Technical information
- Facility ID: 47109
- Class: B
- Power: 10,000 watts day; 1,000 watts night;

= WKBZ (1520 AM) =

Radio station in Muskegon, Michigan (1963–2001)

WKBZ was a radio station on 1520 kHz in Muskegon Heights, Michigan. It broadcast between 1963 and 2001 and was last owned by WLC Broadcasting.

==History==
The construction permit for WKJR, a daytime-only station on 1520, was obtained on September 27, 1962. The permit was owned by William and William Eugene Kuiper, doing business as the Muskegon Heights Broadcasting Company. The station hit the air in February 1963 and increased its daytime power to 10,000 watts in 1971. The station suffered a humorous accident in 1975 when a field mouse crawled into the transmitter site, shorting out a transformer and keeping the station off the air for 45 minutes during its broadcast of a high school basketball game.

In 1979, majority control was transferred to another Kuiper business—the Furniture City Broadcasting Corporation, which owned WFUR in Grand Rapids—which procured authorization two years later to broadcast at night with 500 watts. March 1974 brought an FM sister station, WKJR-FM 101.7 (now WMRR); the stations broadcast religious programming.

WKJR was acquired in 1990 by Pathfinder Communications Corporation as part of a $1.27 million purchase and became WQWQ, call letters formerly on its sister FM, and that the AM station would use for almost all of the 1990s and through sales to Muskegon Lakeshore Broadcasting in 1994 and WLC Broadcasting in 1997. (The station briefly went by WWEZ for five months in 1992.) Upon becoming WQWQ, the station flipped to soft adult contemporary, and after trying hot AC that fall, moved back to soft AC in early 1991 in order to ensure an FM station did not fill the format void. WLC was owned by Bishop Nathaniel Wells and flipped WQWQ back to a religious format, with gospel music and church services. In 1998, as part of a bankruptcy settlement, WLC donated its WKBZ at 850 kHz to Grand Valley State University, which became WGVS. The WKBZ intellectual unit, news/talk programming and call letters were retained by the seller and moved to 1520 kHz.

However, WLC's financial troubles continued.

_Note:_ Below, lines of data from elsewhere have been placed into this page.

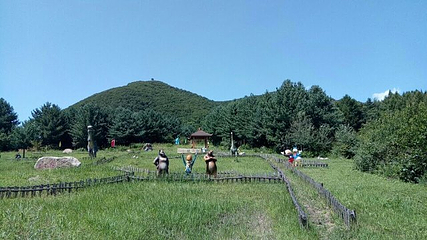 岗山花海第 27 张图片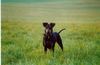 Deutscher Pinscher Foto: Dinka von der Hasenburg (ID 16806) Deutscher Pinscher Hund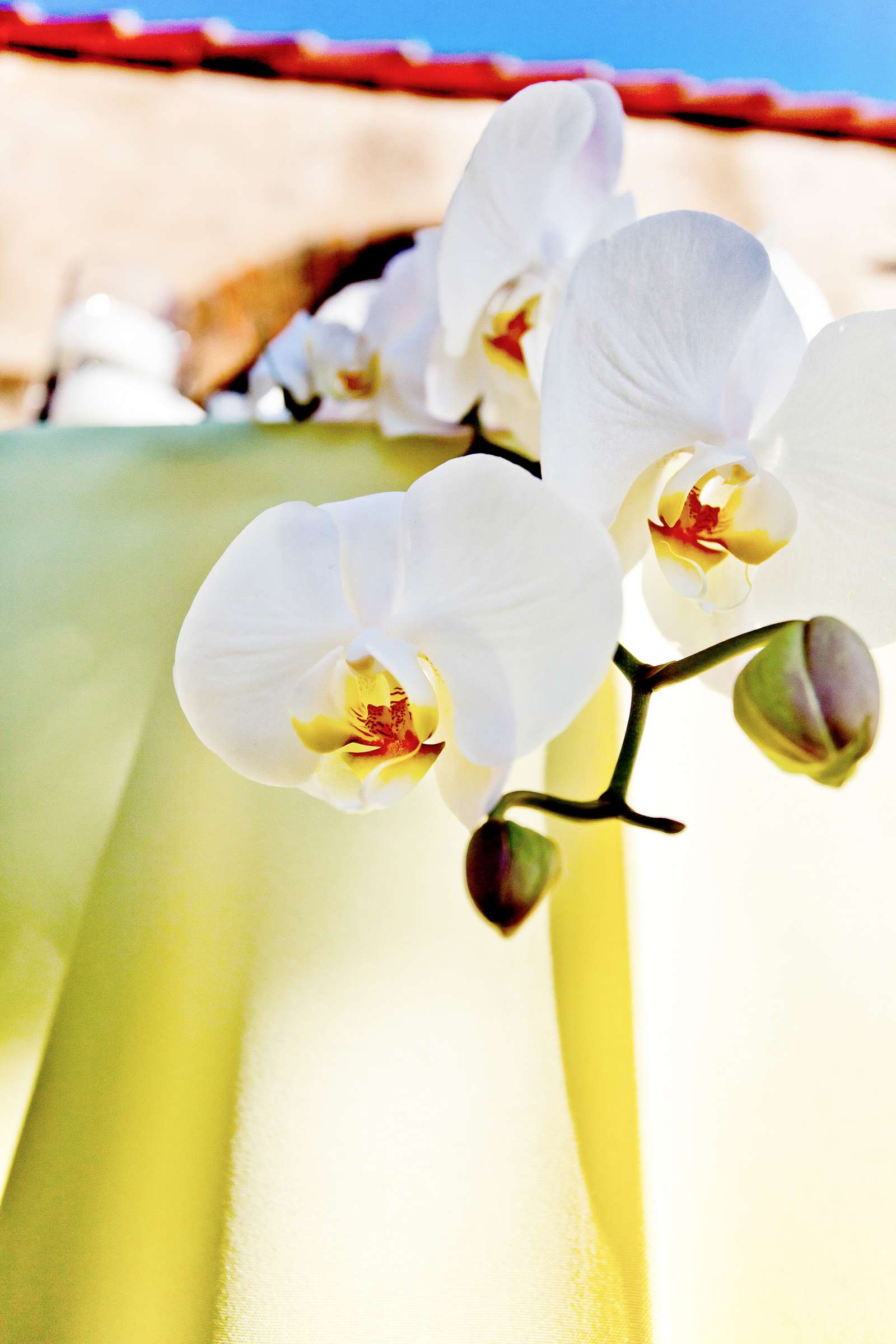 Scripps Seaside Forum Wedding, Anne-Marie and Matthew Wedding Photo #353088 by True Photography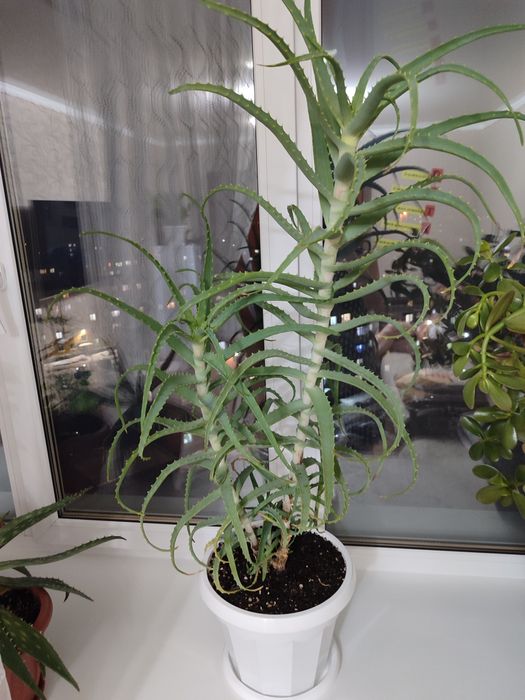 Лечебный Алоэ древовидный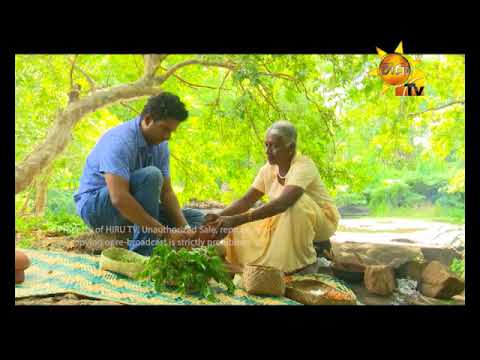 Hiru TV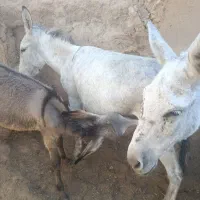 شیر خر یا الاغ|خوردنی و آشامیدنی|بهمن صغاد, |دیوار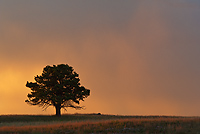 Badlands National Park, Wind Cave National Park, Custer State Park and National Grasslands, South Dakota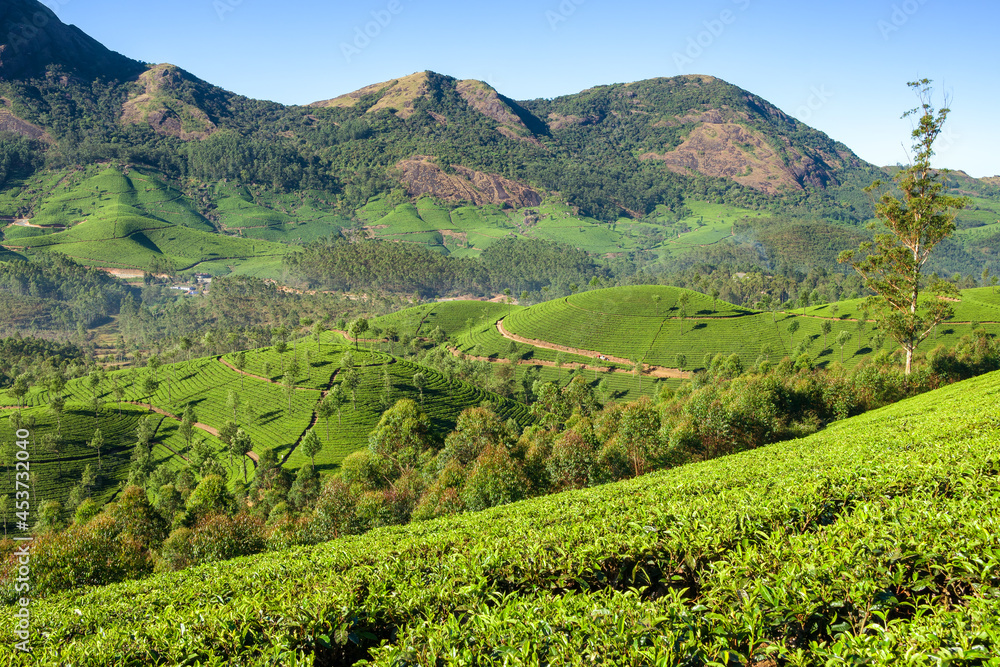Beautiful fresh green tea plantations landscape in Munnar, Kerala, India
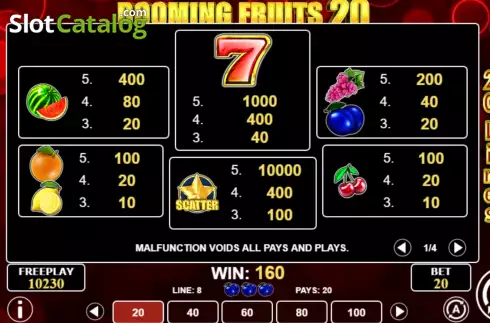 Pay Table screen. Booming Fruits 20 slot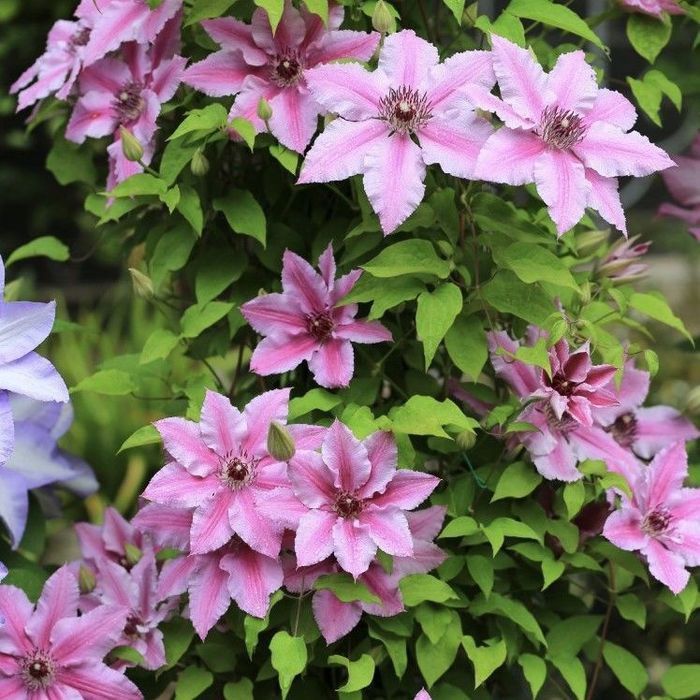 Климатисы садовые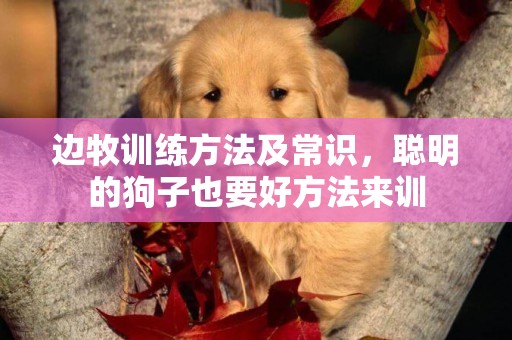邊牧訓練方法及常識，聰明的狗子也要好方法來訓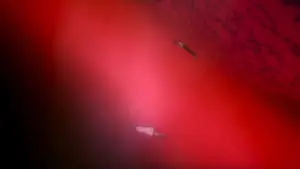 Задник к фильму "Конец Евангелиона" #648746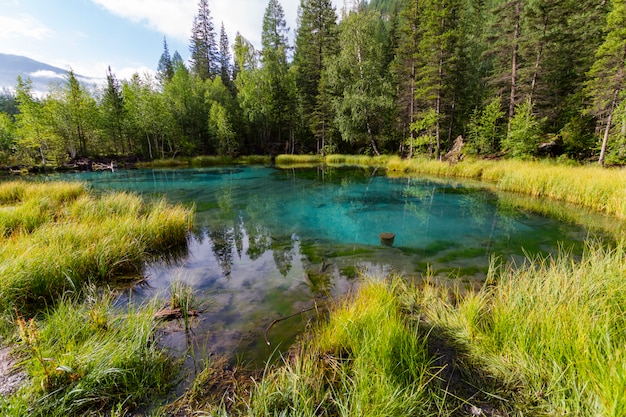 O lago termal verde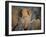 Africa, Zambia. Elephant Adults and Young-Jaynes Gallery-Framed Photographic Print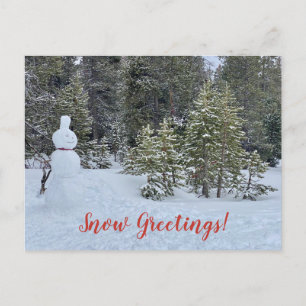 Snow Greetings from Tahoe City! Postcard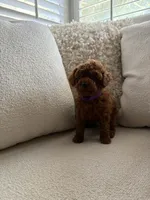 Autumn, a female Poodle - Toy  for sale in Madera, CA – 2 of 3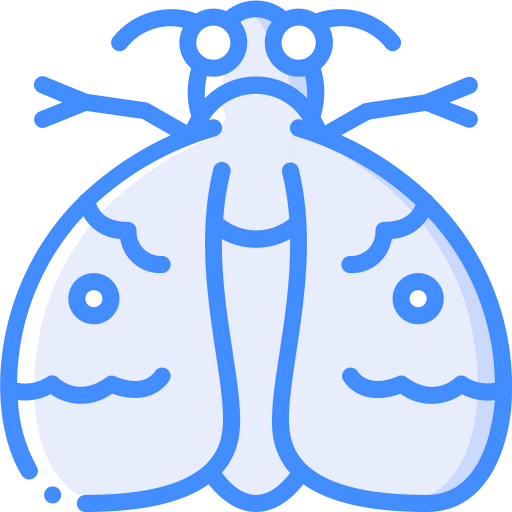 Moth icon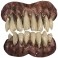Bitemares Horror Teeth - Spectre Teeth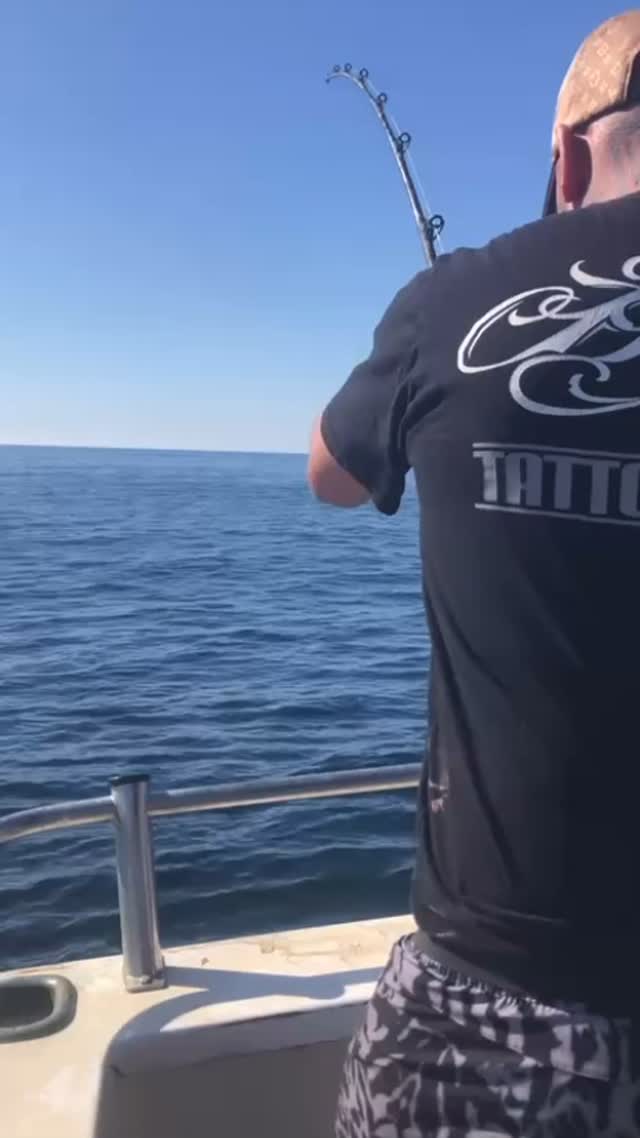 What the flying fish!!! 🤩 Out looking for Bonito, but this Marlin ...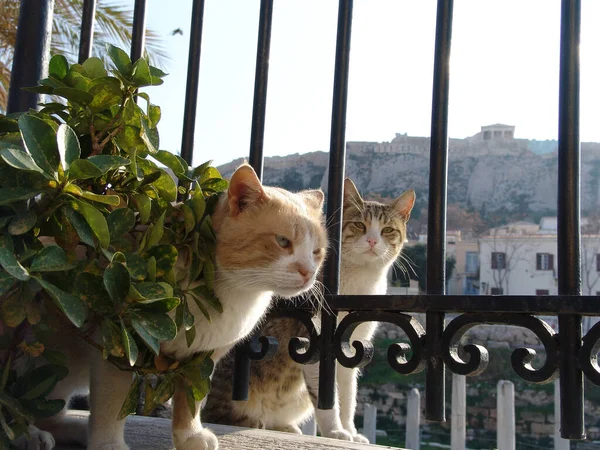 Gatos Griegos Atenas Busca Comida — Foto de Stock
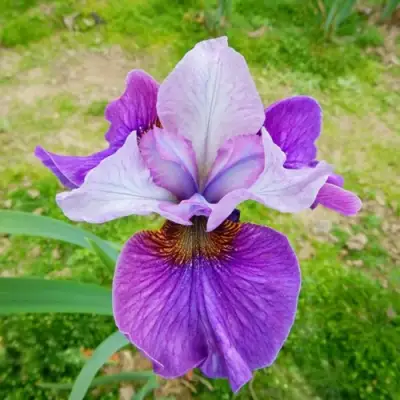 Ирис ЛАЙТ ОВ ХАРТ сибирский в Орше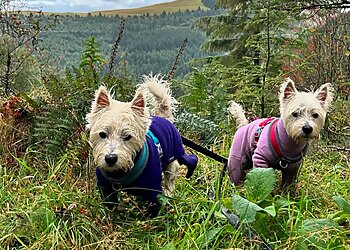 For the Love of Dog Walking & Training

After a sale to Harbor Pointe Broadcasting collapsed because the company went bankrupt, the station went off the air in March 2001, when WLC Broadcasting became bankrupt and its assets claimed by creditors. The station became an affiliate of Radio Disney during its final two months of operation. The station's license was officially cancelled in June 2002.